Editor’s Note: This post contains two of many testimonies given at an Environmental Protection Agency (EPA) listening session at EPA headquarters in Washington, D.C. The EPA held sessions in 11 regional offices across the country to allow the public to comment on the agency’s plans to begin regulating carbon dioxide emissions — one of the heat-trapping pollutants that contributes to climate change — from existing coal and natural gas-fired power plants. The public was invited to share up to three minutes of spoken testimony to an EPA panel for the agency’s consideration. We also have multiple other testimonies in parts two and three.

Brittany Bennett: Love God and Love Your Neighbor

My name is Brittany Bennett. I’m a graduate student at the Catholic University of America. I am pursuing a Masters in Civil and Environmental Engineering. I also work there as a laboratory technician, supporting projects that lead to improvement in nuclear and coal waste processing.

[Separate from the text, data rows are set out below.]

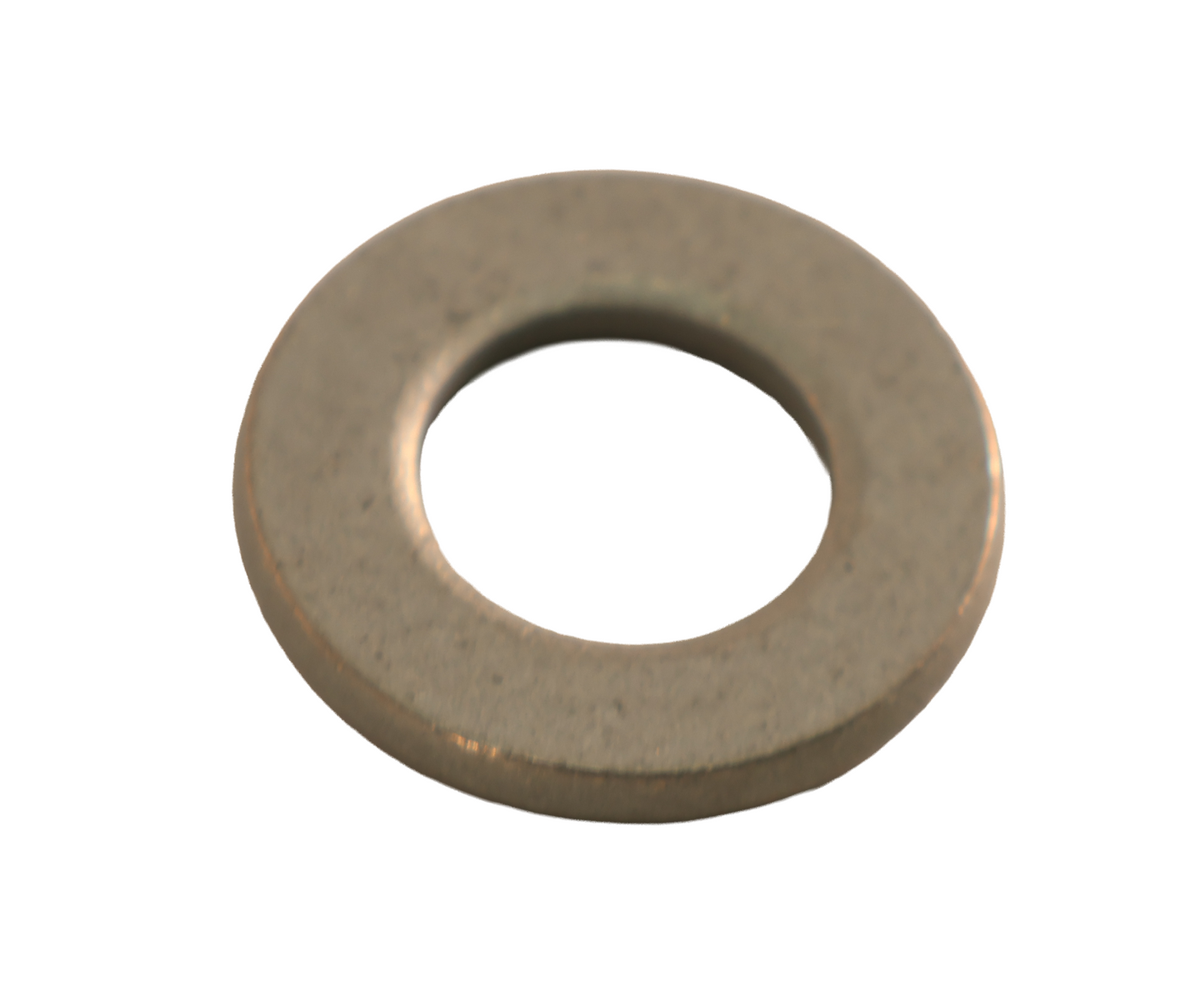 John Deere Original Equipment Washer - 24M7239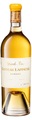 David & Laurent Siozard Barsac Grand Vin Chateau Lapinesse AOC Barsac - 75cl - Bordeaux, Frankreich
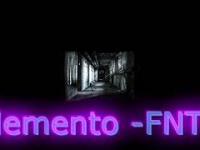 Memento - FNTP (prod.Luxray Beats)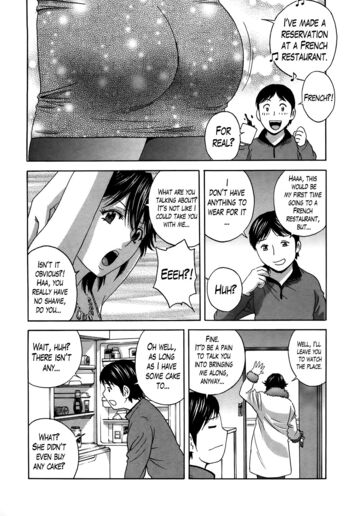 Page 240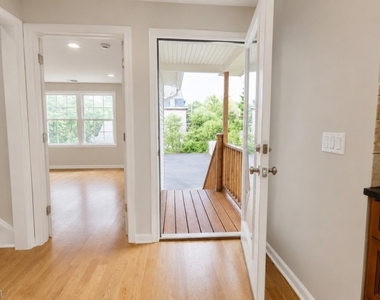 528 Cumberland St - Photo Thumbnail 18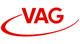 freiburger-verkehrs-ag-vag-vector-logo_2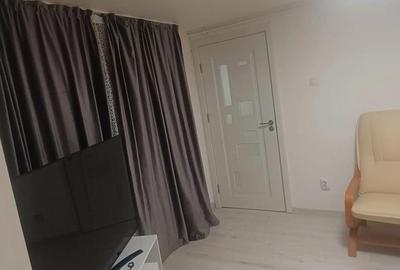 Inchiriere 2 camere Inchiriere 2 camere - 5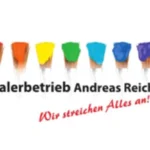 Malerbetrieb Andreas Reich
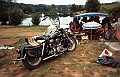OnRoad 028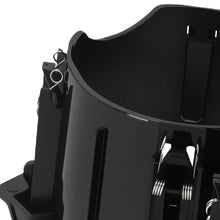 Load image into Gallery viewer, Center Console Cupholder suitable for Mercedes-Benz W212 E350 2010-2013 2126800110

I am a part of a group called Young Evangelicals for Climate Action — a national group representing those in my generation who share an evangelical Christian faith and concern about the climate crisis. Locally, I also serve with a project of a worldwide Christian Conservation organization, called A Rocha, which is an organization that focuses on following the biblical call to stewardship through scientific research, environmental education, and community-based conservation projects.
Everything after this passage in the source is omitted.